Moldova does not have money to date vestiges discovered on its territory
The vestiges discovered in Moldova cannot be dated exactly because the state does not have money to pay for related researches and there are no other sponsorships, professor Ion Tentiuc, who heads the archeology department of the National Museum of Archeology and History, told Info-Prim Neo.
The exact date of the vestiges can be determined by bombarding the samples with atoms. The Moldovan scientists signed an agreement with the Bucharest-based Institute of Atomic Physics, which will open such a laboratory later this year or at the start of next year.
There are research centers in Kiev and Saint Petersbourg, but they can misjudge the time by even 500 years so that it is not worth spending by €100 for dating a sample. Modern centers work in Cambridge, Berlin, Kiel, but the prices there are very high. It costs about €500 to examine a sample. Usually, a sample should be examined two or three times before being dated.

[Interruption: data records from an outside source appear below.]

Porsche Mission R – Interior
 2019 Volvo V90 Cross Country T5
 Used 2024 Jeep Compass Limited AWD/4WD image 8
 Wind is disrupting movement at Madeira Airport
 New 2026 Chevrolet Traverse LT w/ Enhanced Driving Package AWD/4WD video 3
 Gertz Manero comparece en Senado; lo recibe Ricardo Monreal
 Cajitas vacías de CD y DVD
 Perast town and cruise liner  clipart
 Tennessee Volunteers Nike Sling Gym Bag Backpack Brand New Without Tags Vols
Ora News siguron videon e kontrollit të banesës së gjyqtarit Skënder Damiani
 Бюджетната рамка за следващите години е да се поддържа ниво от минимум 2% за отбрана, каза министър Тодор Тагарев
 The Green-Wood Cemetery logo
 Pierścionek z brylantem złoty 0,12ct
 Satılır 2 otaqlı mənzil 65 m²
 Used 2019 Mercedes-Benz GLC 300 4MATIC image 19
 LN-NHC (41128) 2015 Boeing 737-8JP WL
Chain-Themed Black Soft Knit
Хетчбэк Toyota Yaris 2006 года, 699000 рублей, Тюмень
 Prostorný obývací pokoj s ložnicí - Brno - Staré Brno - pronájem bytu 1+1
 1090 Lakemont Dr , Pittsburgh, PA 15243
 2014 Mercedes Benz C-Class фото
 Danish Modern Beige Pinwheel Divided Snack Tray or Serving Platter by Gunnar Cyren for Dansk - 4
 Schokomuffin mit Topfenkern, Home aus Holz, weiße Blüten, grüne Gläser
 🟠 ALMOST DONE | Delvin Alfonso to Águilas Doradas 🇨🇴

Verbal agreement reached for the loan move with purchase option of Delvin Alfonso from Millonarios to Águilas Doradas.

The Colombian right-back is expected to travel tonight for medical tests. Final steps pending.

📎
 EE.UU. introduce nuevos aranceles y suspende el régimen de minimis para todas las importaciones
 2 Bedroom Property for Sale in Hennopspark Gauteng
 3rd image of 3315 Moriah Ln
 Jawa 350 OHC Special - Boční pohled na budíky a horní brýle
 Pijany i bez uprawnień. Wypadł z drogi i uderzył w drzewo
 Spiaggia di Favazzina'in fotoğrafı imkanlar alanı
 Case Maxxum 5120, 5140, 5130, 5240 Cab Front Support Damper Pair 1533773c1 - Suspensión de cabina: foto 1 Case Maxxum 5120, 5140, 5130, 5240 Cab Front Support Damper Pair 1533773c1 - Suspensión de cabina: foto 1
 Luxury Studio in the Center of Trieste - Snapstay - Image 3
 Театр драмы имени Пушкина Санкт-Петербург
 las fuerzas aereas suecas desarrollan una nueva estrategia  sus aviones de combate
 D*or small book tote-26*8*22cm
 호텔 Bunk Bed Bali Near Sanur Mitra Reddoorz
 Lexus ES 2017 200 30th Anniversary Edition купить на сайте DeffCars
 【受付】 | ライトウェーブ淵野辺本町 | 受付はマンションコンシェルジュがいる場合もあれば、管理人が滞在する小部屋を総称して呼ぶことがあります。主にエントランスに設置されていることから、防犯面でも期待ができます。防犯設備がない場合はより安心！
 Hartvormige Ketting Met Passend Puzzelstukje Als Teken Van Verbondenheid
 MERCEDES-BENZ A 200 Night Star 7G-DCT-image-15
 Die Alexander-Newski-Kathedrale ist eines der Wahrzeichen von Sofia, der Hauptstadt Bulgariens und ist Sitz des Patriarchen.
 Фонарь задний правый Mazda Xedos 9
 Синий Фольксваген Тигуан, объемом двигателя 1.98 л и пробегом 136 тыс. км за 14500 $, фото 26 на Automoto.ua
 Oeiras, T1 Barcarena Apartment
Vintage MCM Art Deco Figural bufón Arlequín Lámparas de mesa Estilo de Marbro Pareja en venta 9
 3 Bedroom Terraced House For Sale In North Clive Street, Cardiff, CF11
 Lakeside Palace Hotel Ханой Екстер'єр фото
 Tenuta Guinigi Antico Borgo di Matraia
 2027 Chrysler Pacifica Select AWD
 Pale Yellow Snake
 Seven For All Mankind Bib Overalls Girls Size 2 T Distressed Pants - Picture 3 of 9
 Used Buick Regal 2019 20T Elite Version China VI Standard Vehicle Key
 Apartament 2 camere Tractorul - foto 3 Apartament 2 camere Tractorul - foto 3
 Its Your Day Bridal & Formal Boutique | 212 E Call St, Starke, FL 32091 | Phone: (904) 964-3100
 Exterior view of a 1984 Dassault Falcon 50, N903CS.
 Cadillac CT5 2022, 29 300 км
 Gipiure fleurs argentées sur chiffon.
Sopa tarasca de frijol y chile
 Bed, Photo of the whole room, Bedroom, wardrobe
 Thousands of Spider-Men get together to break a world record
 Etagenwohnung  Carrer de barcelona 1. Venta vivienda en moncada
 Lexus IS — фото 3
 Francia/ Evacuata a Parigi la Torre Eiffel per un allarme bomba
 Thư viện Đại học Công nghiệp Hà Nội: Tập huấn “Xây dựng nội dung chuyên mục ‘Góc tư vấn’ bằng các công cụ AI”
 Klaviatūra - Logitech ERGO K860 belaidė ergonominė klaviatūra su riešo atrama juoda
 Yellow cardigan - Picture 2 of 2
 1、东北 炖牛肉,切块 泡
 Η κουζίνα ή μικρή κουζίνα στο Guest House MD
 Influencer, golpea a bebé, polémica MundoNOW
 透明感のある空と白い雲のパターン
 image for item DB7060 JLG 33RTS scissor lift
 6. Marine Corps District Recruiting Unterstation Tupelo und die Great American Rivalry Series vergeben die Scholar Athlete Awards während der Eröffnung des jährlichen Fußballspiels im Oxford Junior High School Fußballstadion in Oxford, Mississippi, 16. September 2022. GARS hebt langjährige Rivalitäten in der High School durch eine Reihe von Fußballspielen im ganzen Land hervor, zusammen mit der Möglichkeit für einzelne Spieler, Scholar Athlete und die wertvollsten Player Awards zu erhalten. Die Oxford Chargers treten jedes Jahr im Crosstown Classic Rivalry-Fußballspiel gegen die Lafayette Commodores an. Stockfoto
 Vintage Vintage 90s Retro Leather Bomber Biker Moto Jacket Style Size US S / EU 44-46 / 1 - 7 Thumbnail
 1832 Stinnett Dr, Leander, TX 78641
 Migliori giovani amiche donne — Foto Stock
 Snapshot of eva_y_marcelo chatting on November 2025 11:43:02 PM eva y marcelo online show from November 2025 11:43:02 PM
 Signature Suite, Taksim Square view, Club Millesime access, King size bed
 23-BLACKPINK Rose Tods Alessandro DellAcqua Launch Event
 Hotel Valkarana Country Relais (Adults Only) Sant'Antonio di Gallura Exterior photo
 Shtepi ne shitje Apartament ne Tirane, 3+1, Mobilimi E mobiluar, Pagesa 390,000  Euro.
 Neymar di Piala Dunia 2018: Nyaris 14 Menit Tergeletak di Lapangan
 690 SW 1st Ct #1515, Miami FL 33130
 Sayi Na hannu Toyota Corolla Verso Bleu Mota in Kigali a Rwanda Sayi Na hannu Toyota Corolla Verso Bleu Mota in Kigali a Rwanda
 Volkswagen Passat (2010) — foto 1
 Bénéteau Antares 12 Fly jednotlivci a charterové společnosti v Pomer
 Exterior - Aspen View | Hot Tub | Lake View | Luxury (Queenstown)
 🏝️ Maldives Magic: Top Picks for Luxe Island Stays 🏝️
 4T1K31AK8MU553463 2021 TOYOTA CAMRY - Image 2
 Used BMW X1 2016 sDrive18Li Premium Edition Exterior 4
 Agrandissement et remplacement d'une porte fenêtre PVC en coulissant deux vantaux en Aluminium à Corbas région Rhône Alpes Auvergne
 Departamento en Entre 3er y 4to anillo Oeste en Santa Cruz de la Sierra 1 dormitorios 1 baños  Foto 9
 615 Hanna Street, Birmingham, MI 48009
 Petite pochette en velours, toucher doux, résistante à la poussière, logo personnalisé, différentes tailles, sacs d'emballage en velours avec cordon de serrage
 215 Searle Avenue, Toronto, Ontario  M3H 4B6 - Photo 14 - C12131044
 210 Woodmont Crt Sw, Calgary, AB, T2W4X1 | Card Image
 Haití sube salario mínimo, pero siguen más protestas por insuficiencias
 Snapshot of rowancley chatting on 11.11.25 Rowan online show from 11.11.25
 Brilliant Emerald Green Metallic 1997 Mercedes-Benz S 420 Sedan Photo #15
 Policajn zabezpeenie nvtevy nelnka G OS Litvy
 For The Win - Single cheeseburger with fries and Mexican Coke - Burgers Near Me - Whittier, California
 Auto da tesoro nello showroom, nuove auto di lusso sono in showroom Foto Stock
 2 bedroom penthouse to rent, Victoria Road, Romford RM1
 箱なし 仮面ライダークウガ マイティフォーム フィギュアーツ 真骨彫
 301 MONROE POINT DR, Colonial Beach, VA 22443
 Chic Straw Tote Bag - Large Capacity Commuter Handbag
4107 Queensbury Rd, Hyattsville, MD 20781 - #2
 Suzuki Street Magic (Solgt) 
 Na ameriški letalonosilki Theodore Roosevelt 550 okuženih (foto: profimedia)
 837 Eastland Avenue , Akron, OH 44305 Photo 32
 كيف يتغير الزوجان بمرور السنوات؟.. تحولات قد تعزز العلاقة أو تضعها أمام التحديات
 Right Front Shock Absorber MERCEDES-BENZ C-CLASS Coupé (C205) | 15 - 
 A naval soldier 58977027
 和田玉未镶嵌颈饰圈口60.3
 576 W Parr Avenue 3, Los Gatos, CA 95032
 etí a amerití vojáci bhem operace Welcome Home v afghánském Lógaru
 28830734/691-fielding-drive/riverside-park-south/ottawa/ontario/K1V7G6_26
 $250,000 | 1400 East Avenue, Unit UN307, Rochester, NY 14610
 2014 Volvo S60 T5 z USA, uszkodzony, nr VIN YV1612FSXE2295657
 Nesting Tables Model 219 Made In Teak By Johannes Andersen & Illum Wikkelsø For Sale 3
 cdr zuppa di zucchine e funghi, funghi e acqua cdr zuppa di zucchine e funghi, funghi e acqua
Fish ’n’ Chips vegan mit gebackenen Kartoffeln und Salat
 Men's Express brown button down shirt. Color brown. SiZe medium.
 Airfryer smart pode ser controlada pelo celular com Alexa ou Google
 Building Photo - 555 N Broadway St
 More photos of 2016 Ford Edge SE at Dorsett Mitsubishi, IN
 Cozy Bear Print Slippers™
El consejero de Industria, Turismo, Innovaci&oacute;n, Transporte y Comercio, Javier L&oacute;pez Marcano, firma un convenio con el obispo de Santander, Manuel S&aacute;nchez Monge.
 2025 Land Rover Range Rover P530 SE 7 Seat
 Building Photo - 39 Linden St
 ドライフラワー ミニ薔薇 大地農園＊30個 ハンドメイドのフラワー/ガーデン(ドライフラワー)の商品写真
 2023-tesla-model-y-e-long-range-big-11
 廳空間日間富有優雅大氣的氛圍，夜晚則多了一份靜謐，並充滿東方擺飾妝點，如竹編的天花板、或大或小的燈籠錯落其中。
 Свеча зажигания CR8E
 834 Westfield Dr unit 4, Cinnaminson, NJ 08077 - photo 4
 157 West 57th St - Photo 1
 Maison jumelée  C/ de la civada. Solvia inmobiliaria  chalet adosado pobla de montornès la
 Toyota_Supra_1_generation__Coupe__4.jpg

As the scientists in Moldova do not have financing and modern laboratories, they use traditional dating methods such as vertical successive stratigraphic analyses and numismatic analyses.
Veaceslav Bicbaiev, another specialist of the National Museum of Archeology and History of Moldova, analyzes airphotocopies that show archeological sites divided into fields. Most of the plans present human settlements from the Neolithic and Bronze Age of the Trypillian culture.
Unfortunately, said the expert, there is not enough money to take more pictures from the plane or at least to analyze them on the spot. The northern part is the most suitable for research as the fields there are not intensively cultivated and the vestiges have not been destroyed. But the Museum cannot cover the trips to those places and most of the researchers work out of passion and enthusiasm, Veaceslav Bicbaiev said.
Under the law, each construction in an old area of the town must be accompanied by the archeological assessment of the land from the foundation. A construction authorization is issued after these data are registered and the old traces are recovered. But in most of the cases, this obligation is simply ignored, say archeologists.